I read this article :23 signs you are an intovert  

and checked all 23 signs.

There were times I thought something was wrong with me- how come everybody loves going out and partying and I will -under peerpressure- go out, but feel exhausted and drained afterwards?

Now I understand there are different kinds of people and different kinds of personalities, and while some people enjoy chit-chatting with new people , having lunch with everyone and water-cooler conversations at the office-(extroverts)-some would much rather have their lunch alone, and while at my job I give speeches and lectures all the time- and never find it intimidating, the thought of making  small talk with anyone is a task i need to prepare fo.

So why is being an introvert such a good thing?

#1: you always get enough sleep– you don’t have to run around from place to place in fear of missing something (infamous FOMO) . you know that the best place for you is always being at home. preferably- alone.

#2: when you get enough sleep you  are more energized, your skin looks better, you can exercise easily and your overall performance- including at work- is better.

#3: It’s so much easier for you to maintain your frugal manner. when you prefer eating at home, entertaining friends at your place instead of going out, exercising alone instead of in a team , reading or listening to music at home instead of wandering around the mall or going to the movies-well then-your costs are much cheaper .

#4: you have only a few friends-but these are true and loyal friends that go way back with you. I have 3 friends. 2 of them have been my good friends for over 23 years and the third one for over a decade.

#5:You have more time to explore and find out what you really want -you- not anyone else around you or society or the internet . you. you can learn how to cook, read books, watch documentaries, learn new skills, find new exercises online -anything.

Ok but how do you manage to not insult people who invite you to their events?

Since I have always worked in an office, I found over the years that people don’t get offended if you avoid going to all events equally:  meaning the important thing is to be very consistent and not attend any event concerning anyone at the office- including boss related events.

Now the key is not to make any exceptions to the rule. never ever. you cannot attend your boss’s daughter’s wedding and then a few weeks later apologise to someone else (who is less able to affect your career) by saying that you don’t attend events as a principle. this is insulting and unfair and will do you much more damage socially.

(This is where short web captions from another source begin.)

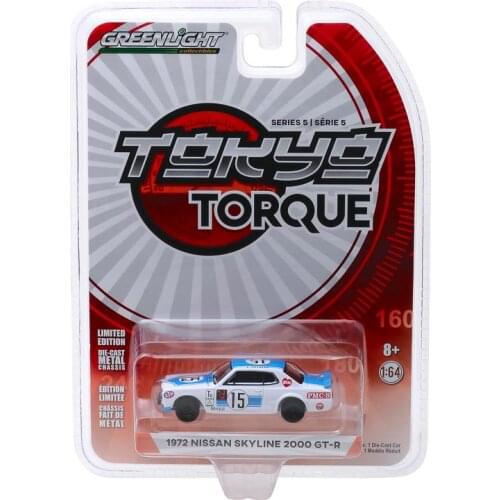 GreenLight 1:64 1972 Nissan Skyline 2000 GT-R Alloy model car Metal toys for childen kids diecast gift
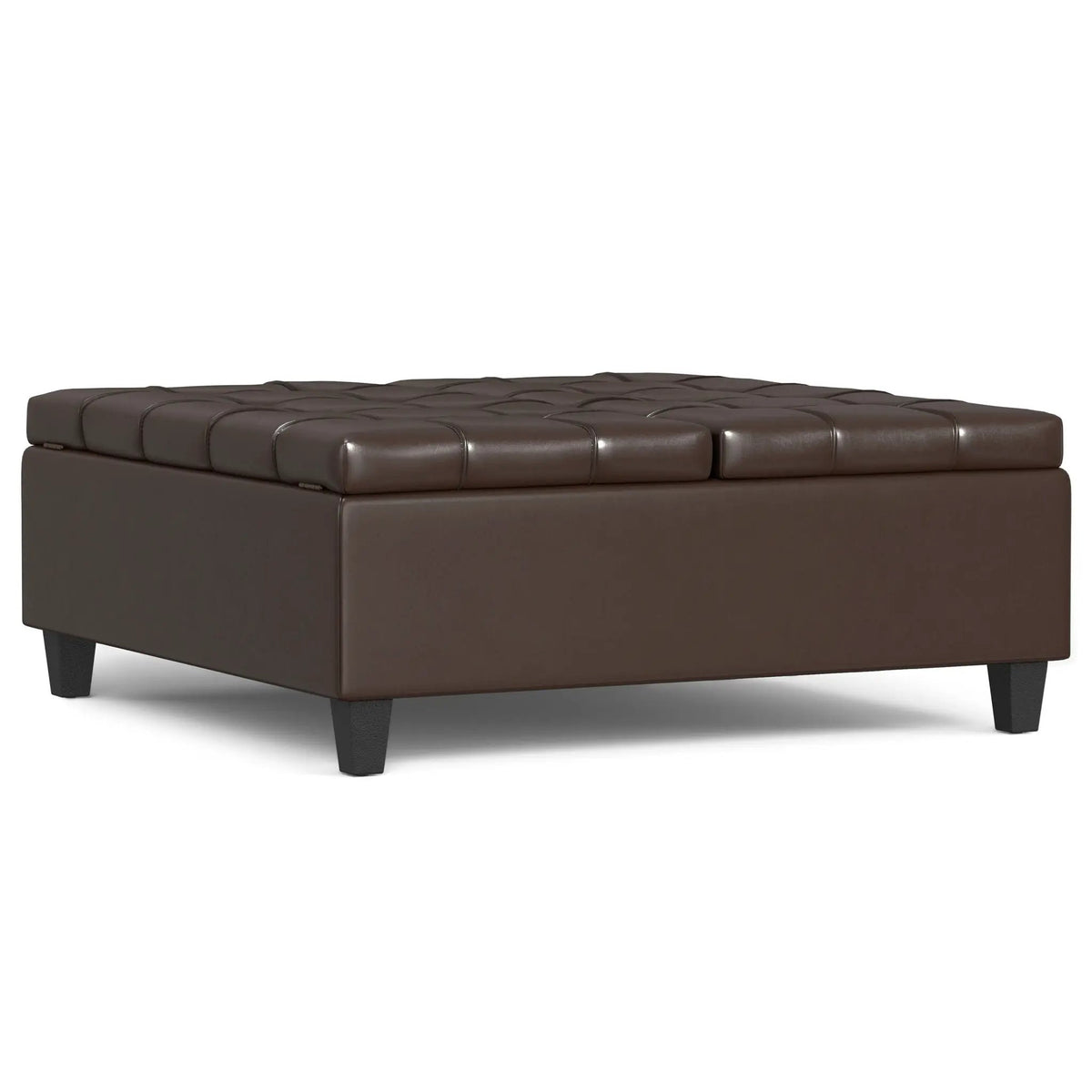 Coffee Table Storage Ottoman | Lift Top Hinge | Solid Wood Base | Large Square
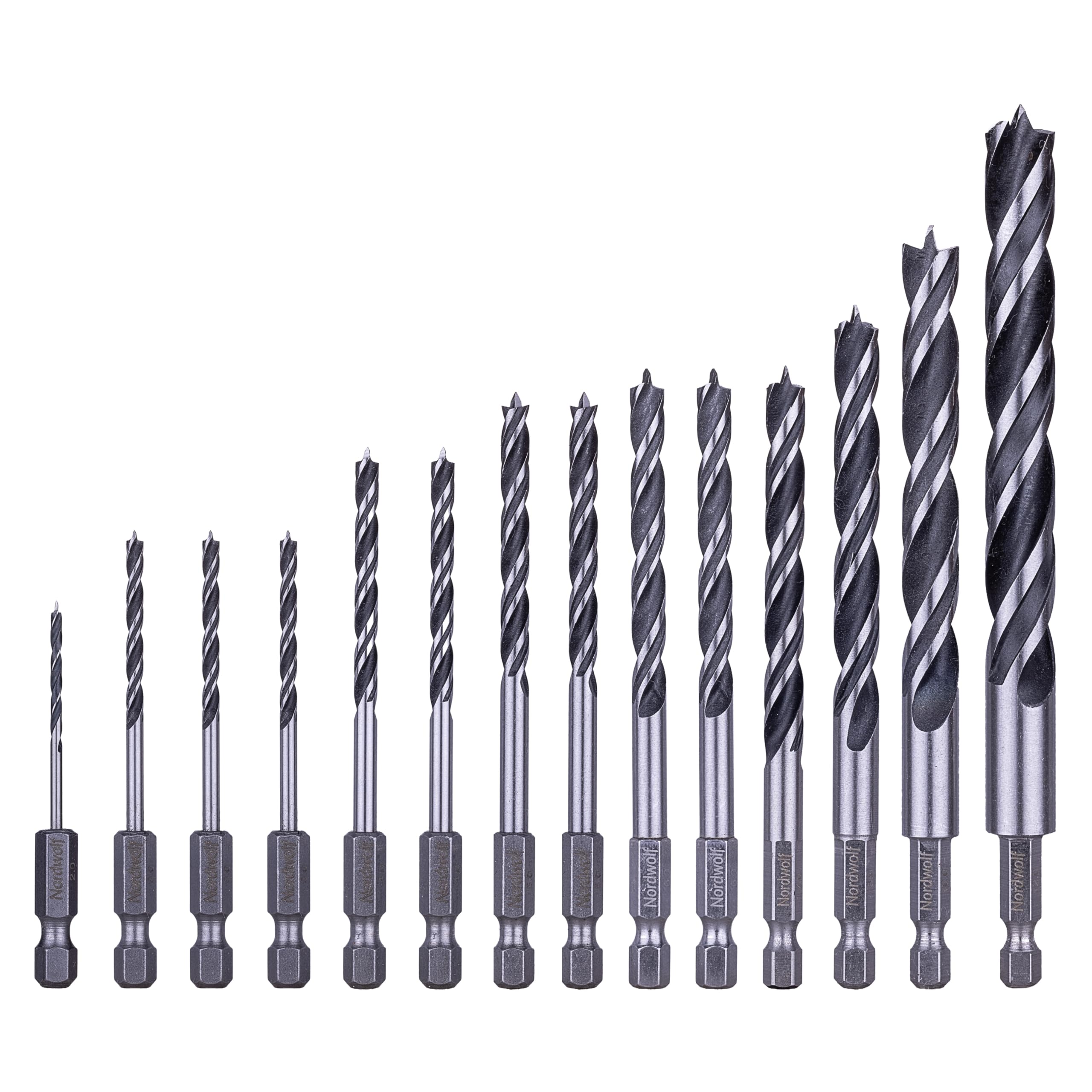 NordWolf Brad Point Drill Bits - 12 Piece Set -14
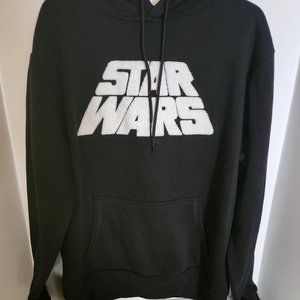 Disney Star Wars Hoodie Adult Medium Black: Raised Letters & Graphic On Back!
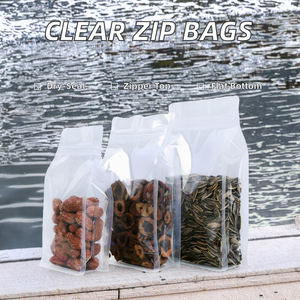 Bolsas de embalaje de polietileno transparente con cierre hermético y fondo plano, diseño de fábrica, para alimentos para mascotas, almacenamiento a prueba de humedad, pan, dulces y madera. - Product Image 1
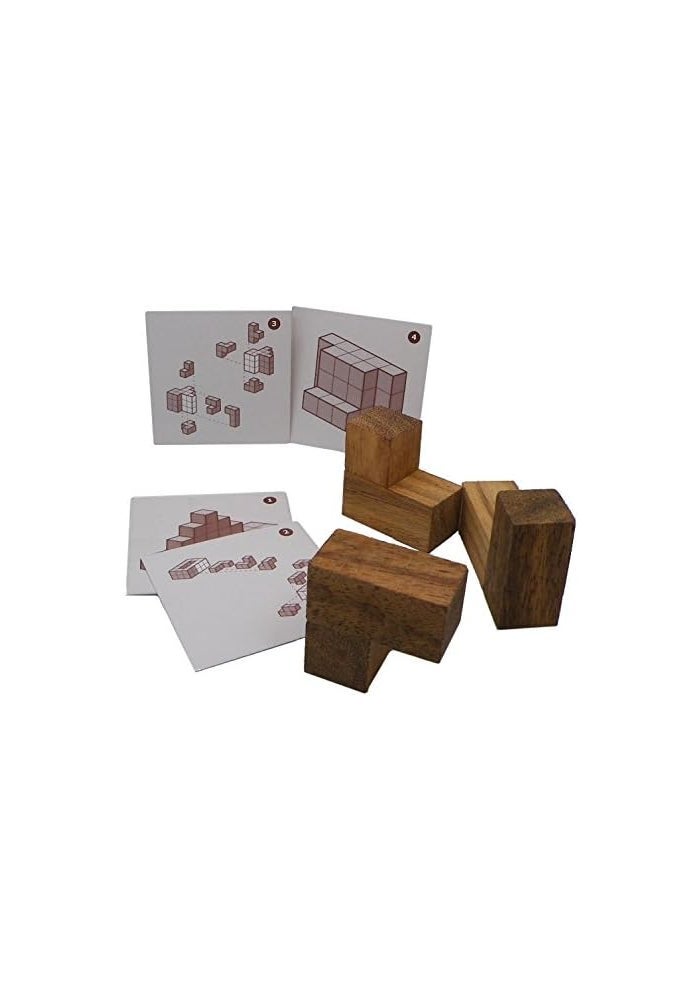 Winshare Puzzles and Games Soma Cube Wooden Puzzle with 50 Playing Cards - 3D Brain Teaser - Image 5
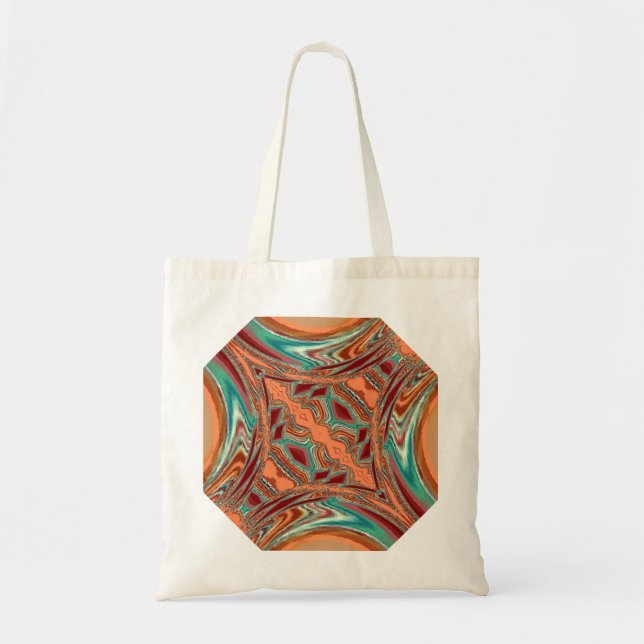 Bolsa Tote Tecido asteca. Teste padrão tribal (Frente)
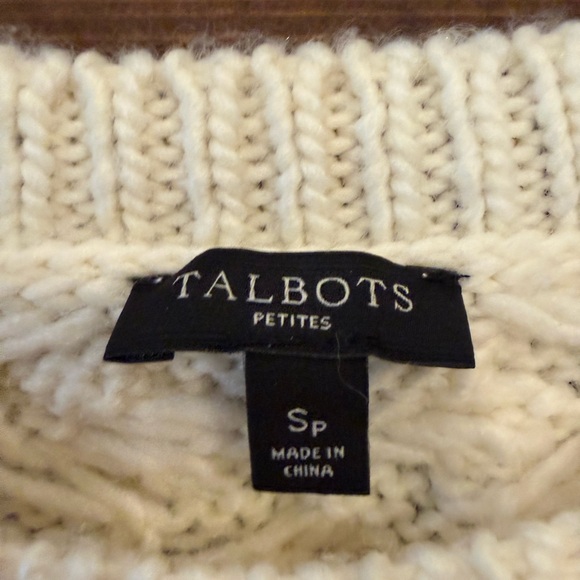 Talbots Womens S Ivory Wool Blend Sweater Cable Knit Baubles Cozy Warm EUC - Picture 10 of 10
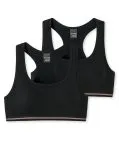 SCHIESSER Mädchen Bustier Doppelpack Long Life Rib - Schwarz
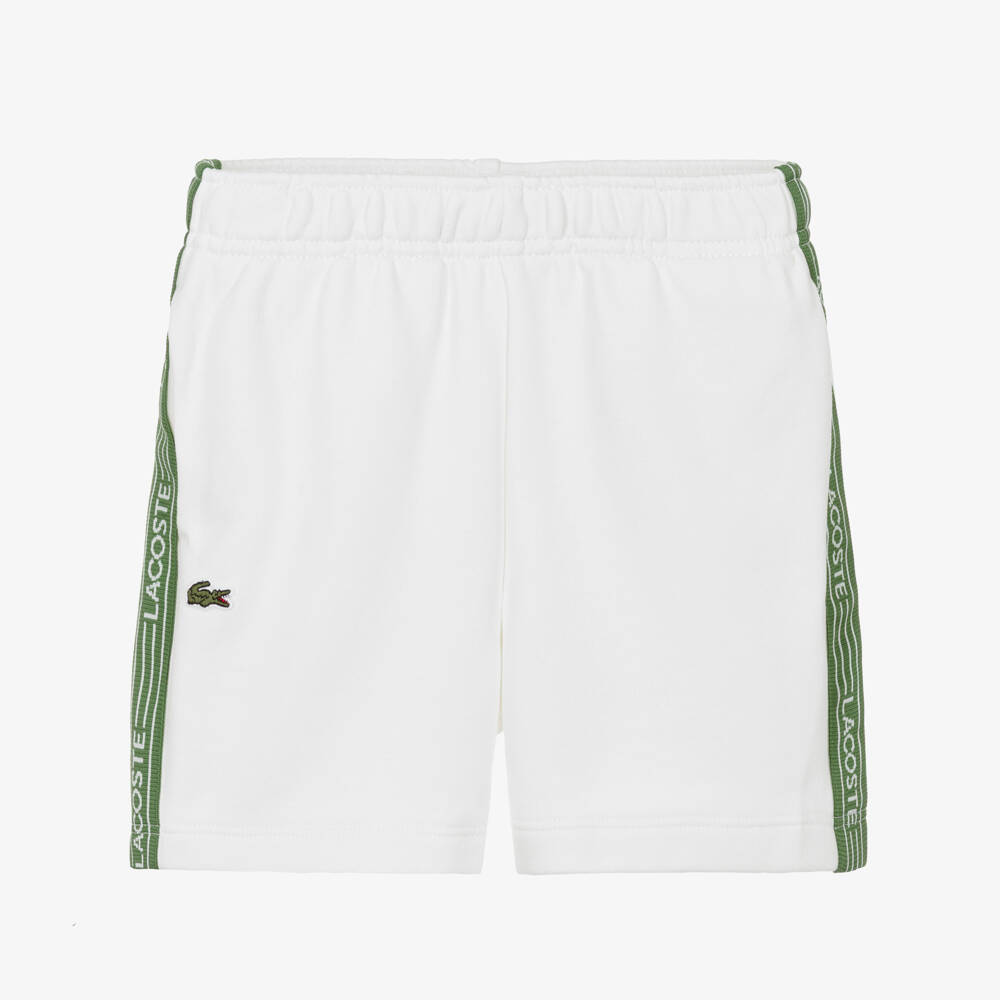 Lacoste-Boys Off-White Cotton Jersey Shorts with Logo Tape | Childrensalon Outlet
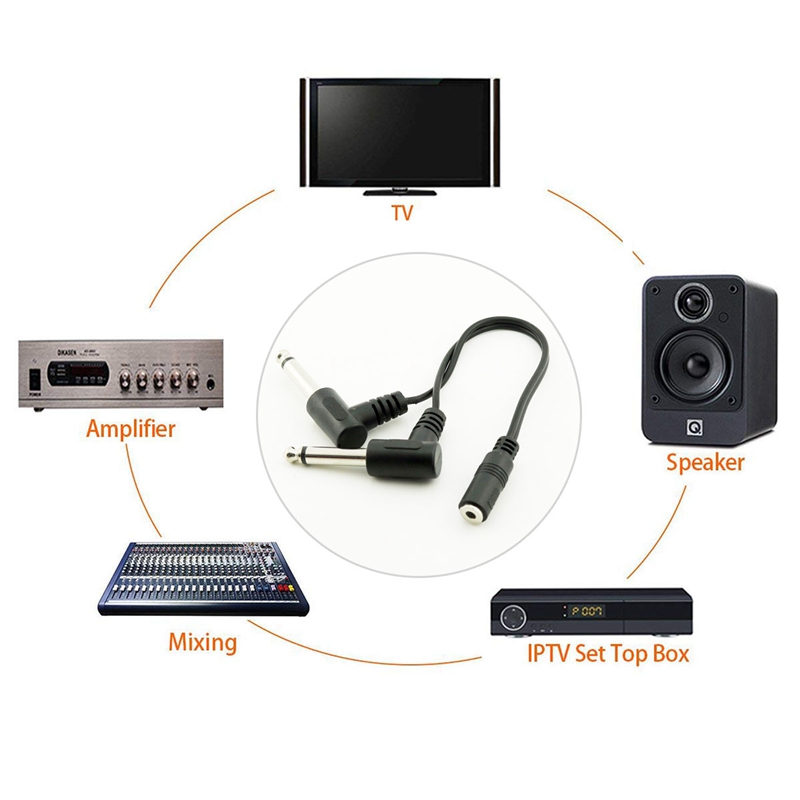 3.5 Mm Mini 1/8 Inch Trs Stereo Vrouwelijke Jack Naar Dual 1/4 6.35 Mm Mannelijke Plug Mono Ts Haakse audio Adapter Y Splitter Kabel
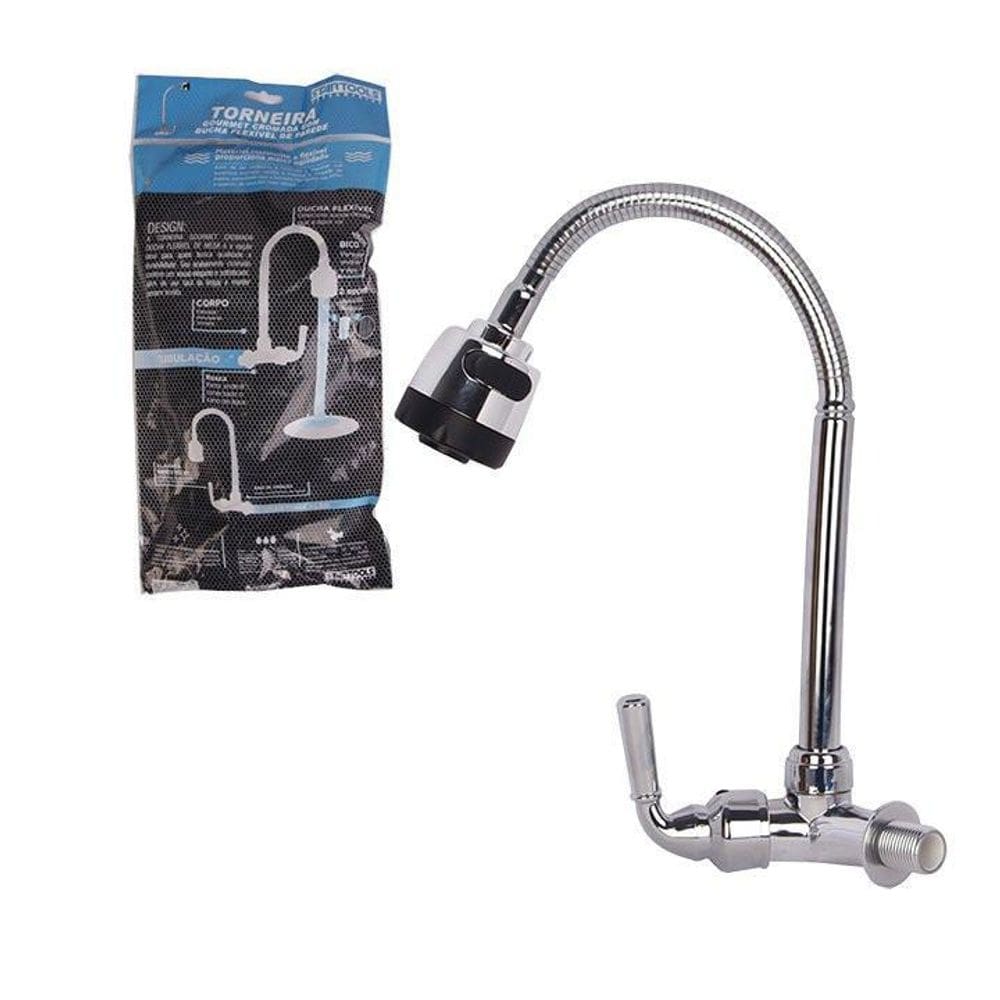 Torneira Gourmet Flexível De Parede Com Ducha - Inox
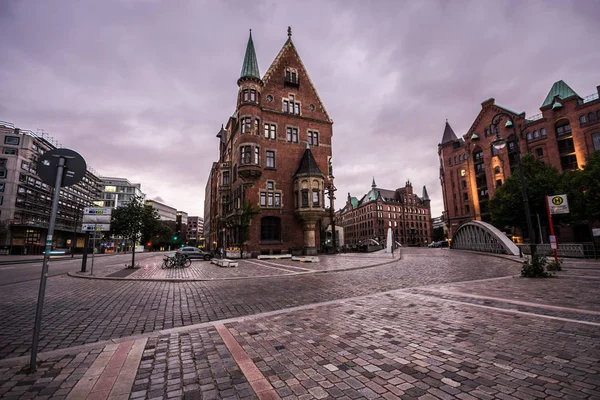 Hamburg Deutschland Juli 2018 Speicherstadt Hamburg Der Nacht — Stockfoto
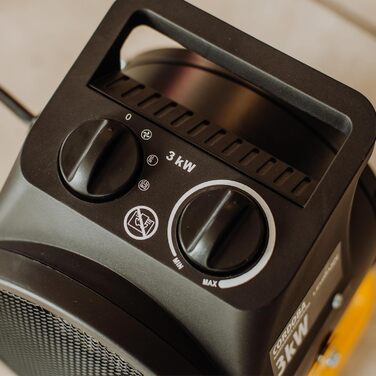 Електричний обігрівач-вентилятор Lehmann Thermoventilator | 3000 Вт | 3 режими | термостат | нахил | ручка для перенесення | для невеликих приміщень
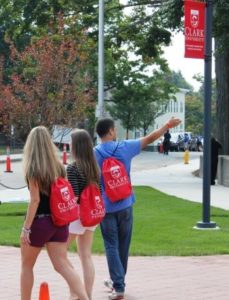 students passing atwood photo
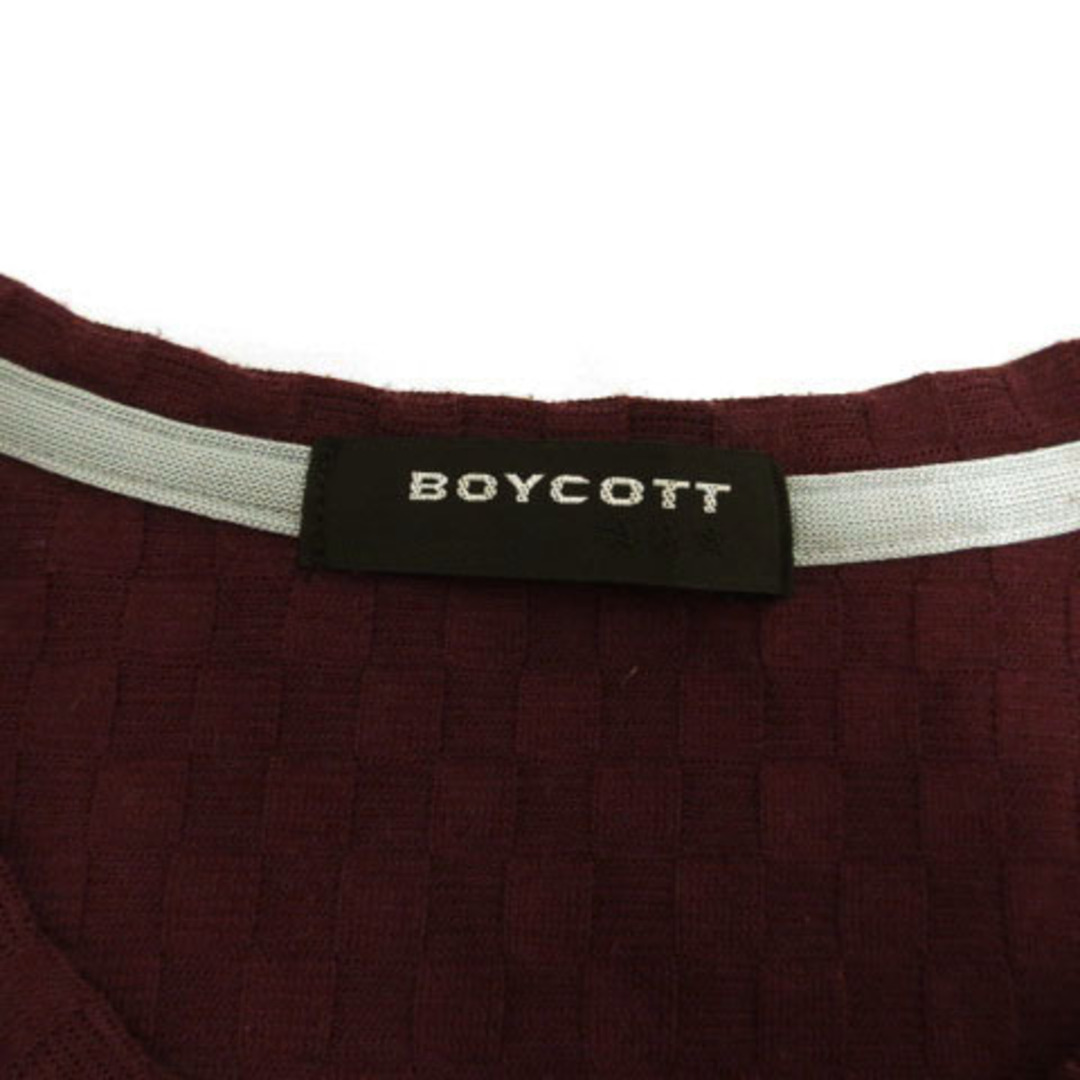 BOYCOTT(ボイコット)のボイコット Tシャツ 長袖 ロンT 日本製 バスケットチェック エンジ系 2 メンズのトップス(Tシャツ/カットソー(七分/長袖))の商品写真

There are other solutions- such as arriving at the event and disappearing after a short while- no good in my opinion since the hassle of getting dressed up and doing your makeup and driving to the event -and mainly the mental preparation that is needed for me to go out- is too big a task .

there is always the other option- like most people- go to some events- preferably of people they like and people they need in order to promote their own career- and make up excuses for all the others.

I believe strongly in the old and true saying :”you can fool some of the people some of the time-but not all people all the time”.

If you think people at your workplace don’t notice your lame excuses and don’t get offended by both your not attending their event and your belief that they can take your lame excuse than you are wrong.

Here is where my trick is so tricky- not only you don’t have to go to any event- assuming that you desperately don’t like events like me, but people dont get offended because they know that you are an equal non-arriver to everyone’s events. at some point they stop inviting you altogether which is great because it saves you the explaining part.

try it- the cooliflower.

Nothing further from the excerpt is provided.